Looking at the Array.fs in the F# repository we see that the attribute is used in several places such as in Array.iter
:
let inline iter ([<InlineIfLambda>] action) (array: 'T[]) =
checkNonNull "array" array
for i = 0 to array.Length-1 do
action array.[i]
Without InlineIfLambda
Array.iter
would be inlined but invoking action
would be a virtual call incurring overhead that sometimes can be important.
// This is an example on what we could write to use Array.iter
let mutable sum = 0
myArray |> Array.iter (fun v -> sum <- sum + v)
F#5 also does inlining but it's based on a complexity analysis that we have little control over.
// What above evaluates to in F#5
let sum = ref 0
let action v = sum := !sum + v
// Array.iter inlined
checkNonNull "array" myArray
for i = 0 to myArray.Length-1 do
// But the action is not inlined
action array.[i]
So the above code could actually be inlined, or not inlined depending on what the complexity analysis thinks.
// What above evaluates to in F#6
let mutable sum = 0
checkNonNull "array" myArray
for i = 0 to myArray.Length-1 do
sum <- sum + array.[i]
This avoids virtual calls as well as allocating a ref
cell and a lambda.
Arrays are great but one drawback is that for each step in a pipeline we would create an intermediate array which needs to be garbage collected.
// Creates an array
[|0..10000|]
// Creates a mapped array of ints
|> Array.map ((+) 1)
// Creates a filtered array of ints
|> Array.filter (fun v -> (v &&& 1) = 0)
// Creates a mapped array of longs
|> Array.map int64
// Creates a sum
|> Array.fold (+) 0L
One way around this is using seq
seq { 0..10000 }
|> Seq.map ((+) 1)
|> Seq.filter (fun v -> (v &&& 1) = 0)
|> Seq.map int64
|> Seq.fold (+) 0L
It turns out that the seq
pipeline above is about 3x slower than the Array
pipeline even if it doesn't allocate (that much) unnecessary memory.
Can we do better?
In a dream world it would be great if we could have a data pipeline with very little overhead for both memory and CPU. Let's try to see what we can do with InlineIfLambda
.
seq
, which is an alias for IEnumerable<_>
, is a so-called pull pipeline.
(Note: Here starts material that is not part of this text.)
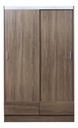 PLACARD RICCHEZZE TANA PLUS 2 PTAS CORREDIZO MOCCHA COD-34831533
The consumer pulls value through the pipeline by calling MoveNext
and Current
until MoveNext
returns false
.
Another approach is to let the producer of data push data through the pipeline. This kind of pipeline tends to be simpler to implement and more performant.
We call it PushStream
and as it is essentially nested lambdas InlineIfLambda
could help improve performance.
type PushStream<'T> = ('T -> bool) -> bool
A PushStream
is a function that accepts a receiver function 'T->bool
and calls the receiver function until no values are returned or the receiver function returns false
indicating it wants no more values. PushStream
returns true
if the producer values were fully consumed and false
if the consumption is stopped before reaching the end of the producer.
A PushStream
module could look something like this:
// 'T PushStream is an alternative syntax for PushStream<'T>
type 'T PushStream = ('T -> bool) -> bool
module PushStream =
// Generates a range of ints in b..e
// Note the use of [<InlineIfLambda>] to inline the receiver function r
let inline ofRange b e : int PushStream = fun ([<InlineIfLambda>] r) ->
// This easy to implement in that we loop over the range b..e and
// call the receiver function r until either it returns false
// or we reach the end of the range
// Thanks to InlineIfLambda r should be inlined
let mutable i = b
while i <= e && r i do
i <- i + 1
i > e
// Filters a PushStream using a filter function
// Note the use of [<InlineIfLambda>] to inline both the filter function f and the PushStream function ps
let inline filter ([<InlineIfLambda>] f) ([<InlineIfLambda>] ps : _ PushStream) : _ PushStream = fun ([<InlineIfLambda>] r) ->
// ps is the previous push stream which we invoke with our receiver lambda
// Our receiver lambda checks if each received value passes filter function f
// If it does we pass the value to r, otherwise we return true to continue
// f, ps and r are lambdas that should be inlined due to InlineIfLambda
ps (fun v -> if f v then r v else true)
// Maps a PushStream using a mapping function
let inline map ([<InlineIfLambda>] f) ([<InlineIfLambda>] ps : _ PushStream) : _ PushStream = fun ([<InlineIfLambda>] r) ->
// ps is the previous push stream which we invoke with our receiver lambda
// Our receiver lambda maps each received value with map function f and
// pass the mapped value to r
// If it does we pass the value to r, otherwise we return true to continue
// f, ps and r are lambdas that should be inlined due to InlineIfLambda
ps (fun v -> r (f v))
// Folds a PushStream using a folder function f and an initial value z
let inline fold ([<InlineIfLambda>] f) z ([<InlineIfLambda>] ps : _ PushStream) =
let mutable s = z
// ps is the previous push stream which we invoke with our receiver lambda
// Our receiver lambda folds the state and value with folder function f
// Returns true to continue looping
// f and ps are lambdas that should be inlined due to InlineIfLambda
// This also means that s should not need to be a ref cell which avoids
// some memory pressure
ps (fun v -> s <- f s v; true) |> ignore
s
// It turns out that if we pipe using |> the F# compiler don't inline
// the lambdas as we like it to.
// So define a more restrictive version of |> that applies function f
// to a function v
// As both f and v are restricted to lambas we can apply InlineIfLambda
let inline (|>>) ([<InlineIfLambda>] v : _ -> _) ([<InlineIfLambda>] f : _ -> _) = f v
The previous pipeline with the PushStream
definition above:
open PushStream
ofRange 0 10000
|>> map ((+) 1)
|>> filter (fun v -> (v &&& 1) = 0)
|>> map int64
|>> fold (+) 0L
Looks pretty good but how does it perform?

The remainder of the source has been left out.